# Basic Difference-in-Differences with diff-diff

This notebook demonstrates how to use the `diff-diff` library for basic 2x2 Difference-in-Differences (DiD) analysis. We'll cover:

1. Setting up a basic DiD estimation
2. Using both column-name and formula interfaces
3. Interpreting results
4. Adding covariates
5. Using fixed effects
6. Cluster-robust and wild bootstrap inference

In [None]:
import numpy as np
import pandas as pd
from diff_diff import DifferenceInDifferences, TwoWayFixedEffects
from diff_diff.prep import generate_did_data

## 1. Generate Sample Data

The `generate_did_data` function creates synthetic panel data with a known treatment effect, which is useful for learning and testing.

In [None]:
# Generate synthetic DiD data with known ATT of 5.0
data = generate_did_data(
    n_units=100,
    n_periods=2,
    treatment_effect=5.0,
    treatment_fraction=0.5,
    treatment_period=1,  # Period 1 is post-treatment (periods are 0 and 1)
    noise_sd=1.0,
    seed=42
)

print(f"Dataset shape: {data.shape}")
data.head(10)

In [None]:
# Examine the data structure
print("Treatment and time distribution:")
print(data.groupby(['treated', 'post']).size().unstack(fill_value=0))
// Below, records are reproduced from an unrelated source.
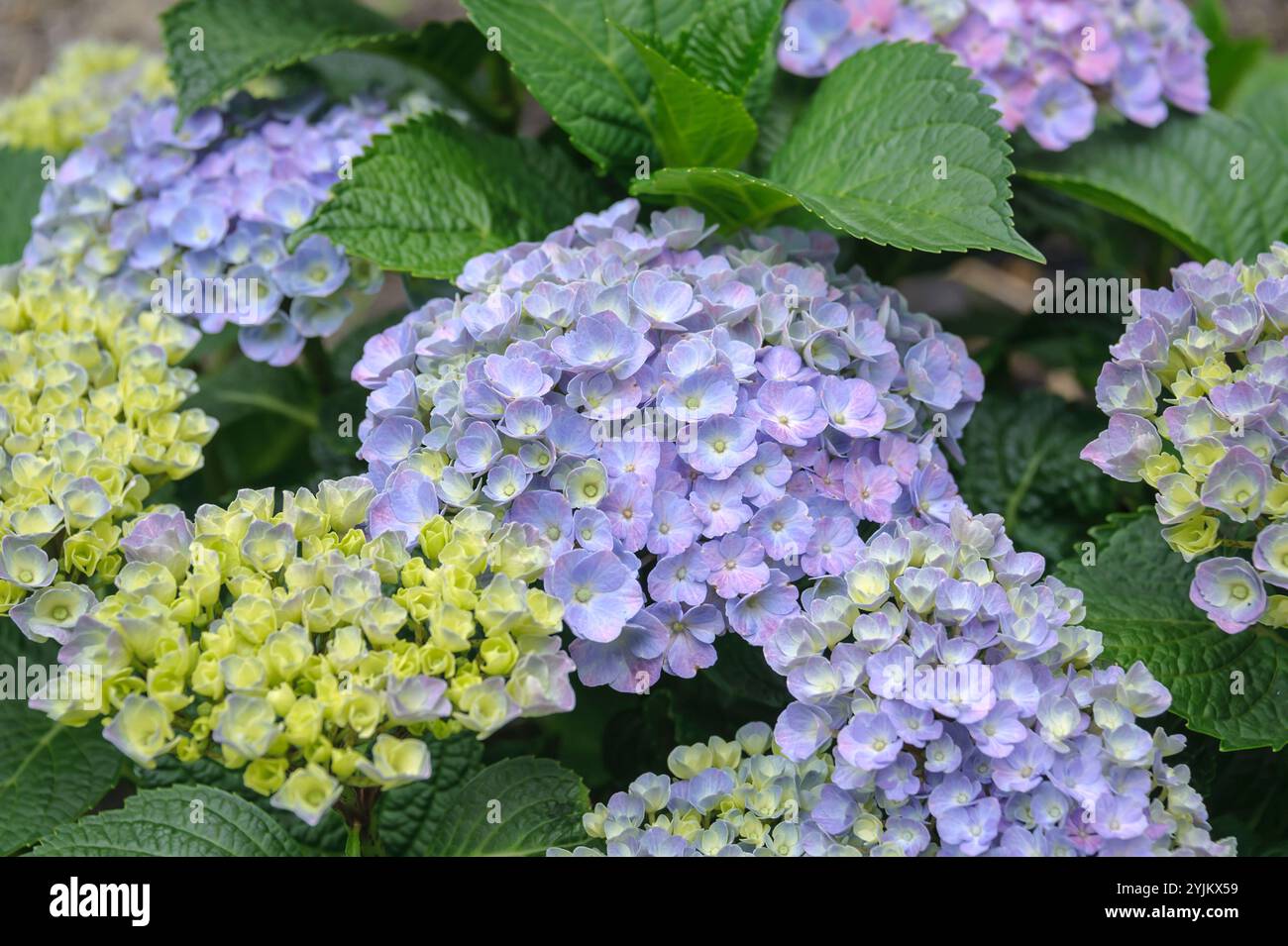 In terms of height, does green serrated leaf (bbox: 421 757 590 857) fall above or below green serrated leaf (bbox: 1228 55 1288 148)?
below

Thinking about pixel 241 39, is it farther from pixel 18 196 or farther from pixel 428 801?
pixel 428 801

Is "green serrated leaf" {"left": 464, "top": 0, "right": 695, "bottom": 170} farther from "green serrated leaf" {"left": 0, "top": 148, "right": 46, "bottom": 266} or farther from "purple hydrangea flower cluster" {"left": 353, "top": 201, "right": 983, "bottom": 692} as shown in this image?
"green serrated leaf" {"left": 0, "top": 148, "right": 46, "bottom": 266}

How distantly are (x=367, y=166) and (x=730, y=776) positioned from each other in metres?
1.07

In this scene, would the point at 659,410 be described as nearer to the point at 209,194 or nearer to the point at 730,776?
the point at 730,776

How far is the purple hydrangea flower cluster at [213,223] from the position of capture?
2.01 meters

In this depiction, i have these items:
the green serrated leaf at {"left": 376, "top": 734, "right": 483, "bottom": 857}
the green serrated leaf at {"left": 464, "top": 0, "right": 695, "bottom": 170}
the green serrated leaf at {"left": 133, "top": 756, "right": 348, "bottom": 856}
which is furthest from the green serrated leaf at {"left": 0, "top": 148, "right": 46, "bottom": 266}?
the green serrated leaf at {"left": 376, "top": 734, "right": 483, "bottom": 857}

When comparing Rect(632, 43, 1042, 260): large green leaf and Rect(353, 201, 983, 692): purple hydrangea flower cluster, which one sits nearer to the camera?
Rect(353, 201, 983, 692): purple hydrangea flower cluster

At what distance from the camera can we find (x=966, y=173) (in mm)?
1770

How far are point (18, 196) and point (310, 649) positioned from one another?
1473mm

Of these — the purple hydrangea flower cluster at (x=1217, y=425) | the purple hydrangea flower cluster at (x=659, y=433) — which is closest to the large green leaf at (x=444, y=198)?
the purple hydrangea flower cluster at (x=659, y=433)

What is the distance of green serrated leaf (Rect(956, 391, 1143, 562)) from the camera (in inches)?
84.1

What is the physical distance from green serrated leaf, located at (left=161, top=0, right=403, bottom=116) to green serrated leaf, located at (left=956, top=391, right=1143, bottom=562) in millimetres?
1235

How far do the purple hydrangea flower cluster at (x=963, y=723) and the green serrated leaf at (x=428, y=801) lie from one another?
364 millimetres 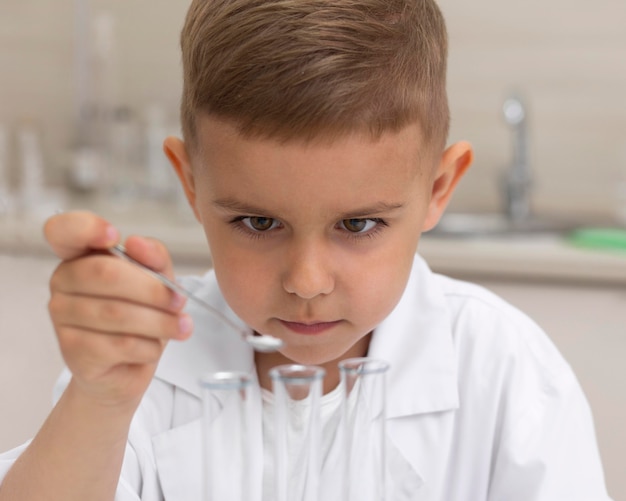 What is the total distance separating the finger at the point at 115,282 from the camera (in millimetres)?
620

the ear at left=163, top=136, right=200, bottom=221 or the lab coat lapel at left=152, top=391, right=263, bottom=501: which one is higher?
the ear at left=163, top=136, right=200, bottom=221

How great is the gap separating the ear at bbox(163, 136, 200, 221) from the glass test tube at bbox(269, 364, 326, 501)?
37 cm

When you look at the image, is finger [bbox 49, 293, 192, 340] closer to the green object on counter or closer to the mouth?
the mouth

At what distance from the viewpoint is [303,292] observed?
75cm

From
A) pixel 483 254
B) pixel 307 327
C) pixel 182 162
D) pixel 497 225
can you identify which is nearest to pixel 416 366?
pixel 307 327

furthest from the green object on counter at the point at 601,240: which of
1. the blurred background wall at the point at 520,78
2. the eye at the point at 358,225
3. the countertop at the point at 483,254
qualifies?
the eye at the point at 358,225

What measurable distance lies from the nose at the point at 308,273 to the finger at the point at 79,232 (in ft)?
0.59

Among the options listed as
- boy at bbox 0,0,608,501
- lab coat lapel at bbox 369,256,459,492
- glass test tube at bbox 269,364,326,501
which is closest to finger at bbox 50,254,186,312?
boy at bbox 0,0,608,501

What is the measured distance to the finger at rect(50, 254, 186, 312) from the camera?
620mm

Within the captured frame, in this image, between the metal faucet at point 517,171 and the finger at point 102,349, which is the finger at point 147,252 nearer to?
the finger at point 102,349

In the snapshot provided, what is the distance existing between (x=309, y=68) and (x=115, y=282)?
253 mm

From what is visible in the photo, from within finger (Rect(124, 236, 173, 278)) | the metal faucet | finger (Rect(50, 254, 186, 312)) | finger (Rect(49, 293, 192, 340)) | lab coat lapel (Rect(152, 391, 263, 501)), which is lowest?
lab coat lapel (Rect(152, 391, 263, 501))

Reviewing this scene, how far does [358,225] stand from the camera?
80 cm

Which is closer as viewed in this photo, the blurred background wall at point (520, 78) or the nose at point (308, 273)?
the nose at point (308, 273)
## 2. Basic DiD Estimation

The `DifferenceInDifferences` estimator provides an sklearn-like interface with a `fit()` method.

In [None]:
# Create the estimator
did = DifferenceInDifferences()

# Fit using column names
results = did.fit(
    data,
    outcome="outcome",
    treatment="treated",
    time="post"
)

# Print the summary
print(results.summary())

### Understanding the Results

The key results are:
- **ATT (Average Treatment Effect on the Treated)**: The estimated causal effect of the treatment
- **SE**: Standard error of the estimate
- **t-stat**: T-statistic for testing H0: ATT = 0
- **p-value**: Two-sided p-value
- **95% CI**: Confidence interval for the ATT

In [None]:
# Access individual components
print(f"Estimated ATT: {results.att:.4f}")
print(f"True ATT: 5.0")
print(f"Standard Error: {results.se:.4f}")
print(f"95% CI: [{results.conf_int[0]:.4f}, {results.conf_int[1]:.4f}]")
print(f"P-value: {results.p_value:.4f}")
print(f"Is significant at 5% level: {results.is_significant}")
print(f"Significance stars: {results.significance_stars}")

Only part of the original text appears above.